Zeremonie der Mundöffnung durch die Priester (höchster kher-heb-Priester im Leopardenfell bei der Vorbereitung des nächsten Schrittes), Anubis als stetiger Helfer zwischen dem Verstorbenen und des stilisierten Grabbaus
Papyrus Hunefer, London

"Und die Toten werden zum Licht des Osiris"
Mastaba des Ti, Sakkara

Die Zeremonie der Mundöffnung des Verstorbenen war sowohl eine spirituelle Metamorphose, die bei der religiösen Vergöttlichung auf der rein geistigen Ebene stattfand; sie war aber auch eine rituelle Zeremonie, die wichtiger Bestandteil des Begräbnisses war und die Statue des Verstorbenen, die als sein Doppelgänger gedeutet wurde, auf das Leben nach dem Tod vorbereitete. Beide Bestandteile zusammen schlossen den Kreis der Vorbereitung und waren praktisch unverzichtbar, sollte der Tote nach seiner Wiedergeburt doch in der Lage sein, sowohl den Göttern (zu denen er dann ja auch selbst gehörte) zu huldigen, wie auch ein leibliches Leben zu führen. Die spirituelle Handlung wurde durch Anubis vollzogen, die zeremonielle durch den kher-heb-Priester, dem Öffner der Pforten des Himmels in Karnak. Zumindest die zeremonielle Handlung muss im tatsächlichen Wortsinn verstanden werden. Die Mundöffnung (oder Gesichtsöffnung) gibt der bandagierten Mumie nicht nur die Sprache zurück, sie ermöglicht auch der Gebrauch von Augen, Ohren und Mund und verleiht ihr die Möglichkeit zur Bewegung. 

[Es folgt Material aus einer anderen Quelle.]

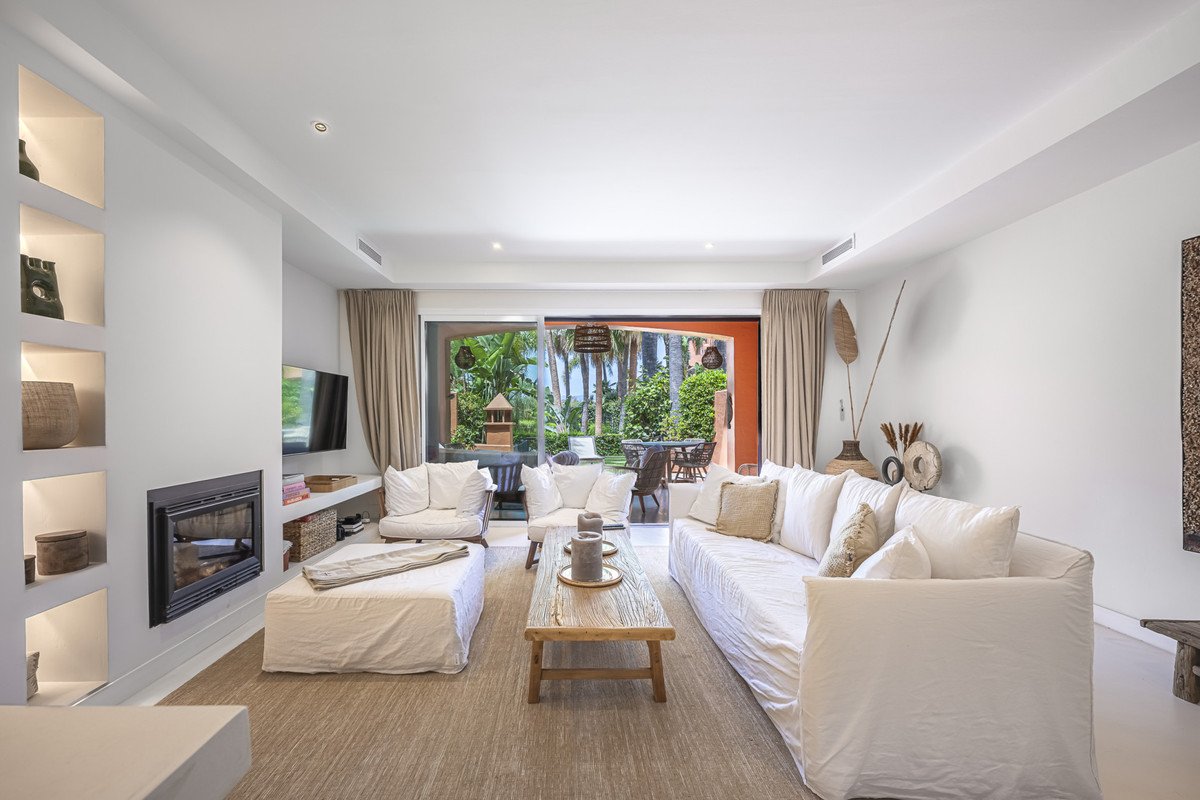 3 Bed Townhouse in The Golden Mile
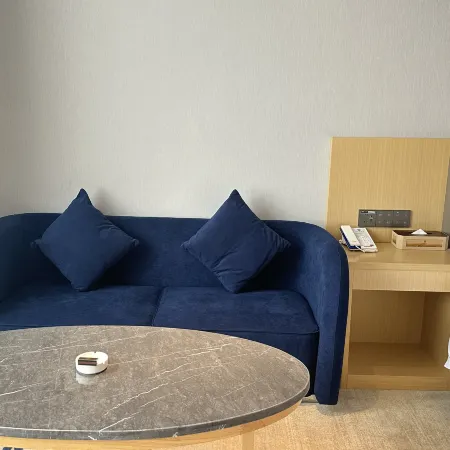 Jinzhou Hotel (Mengle City, Jishan Square, Xingyi)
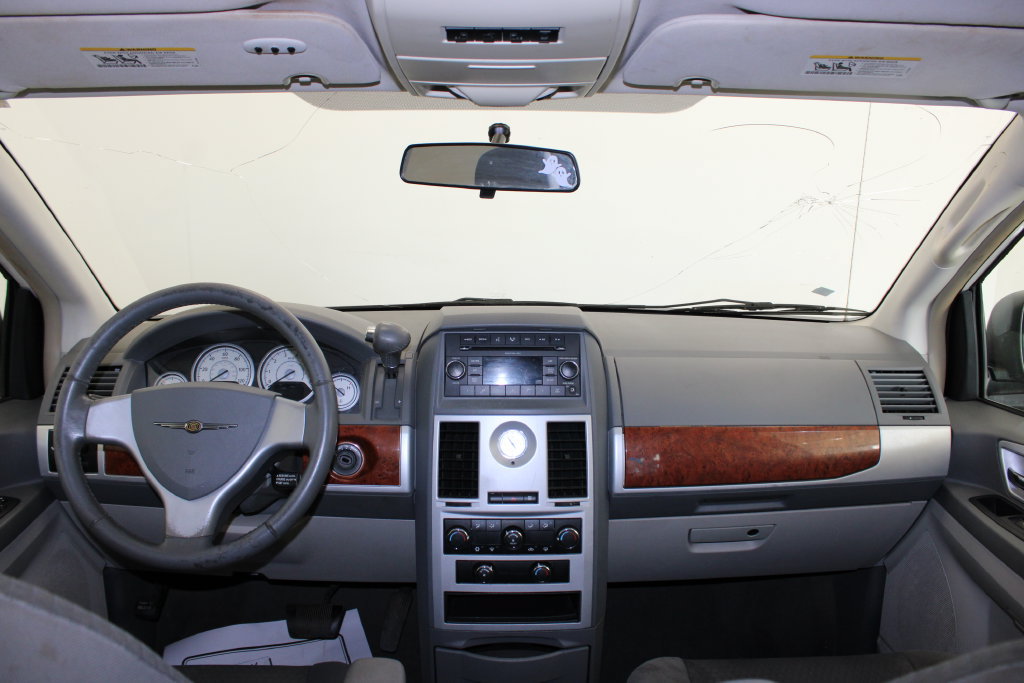 Used 2009 Chrysler Town & Country Touring FWD image 13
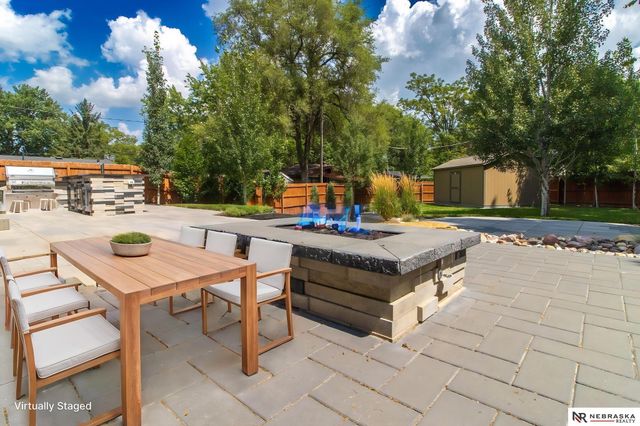 7220 York Lane, Lincoln, NE 68505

Die Handlung, die immer innerhalb des Grabes stattfindet, hat aber auch eine sehr globale Deutung. In vielen Abbildungen ist zu erkennen, dass der Kopf der Statue des Toten mit einem Netz bedeckt ist, welches als das kosmische Netz der Weltordnung gedeutet wird. Auch das Naos des Osiris in der spirituellen Stadt Abydos enthielt ein verkleinertes Abbild des Kosmos. Das Grab und das Naos verkörpern also gleichermaßen den Kosmos und durch das öffnen wird die Weltschöpfung, die ja aus dem Kosmos entstand, immer wieder erneuert.  

Zugegeben, sehr, sehr spirituell – aber den alten Ägyptern würdig. Außer der Nilschwemme war praktisch nichts einfach. 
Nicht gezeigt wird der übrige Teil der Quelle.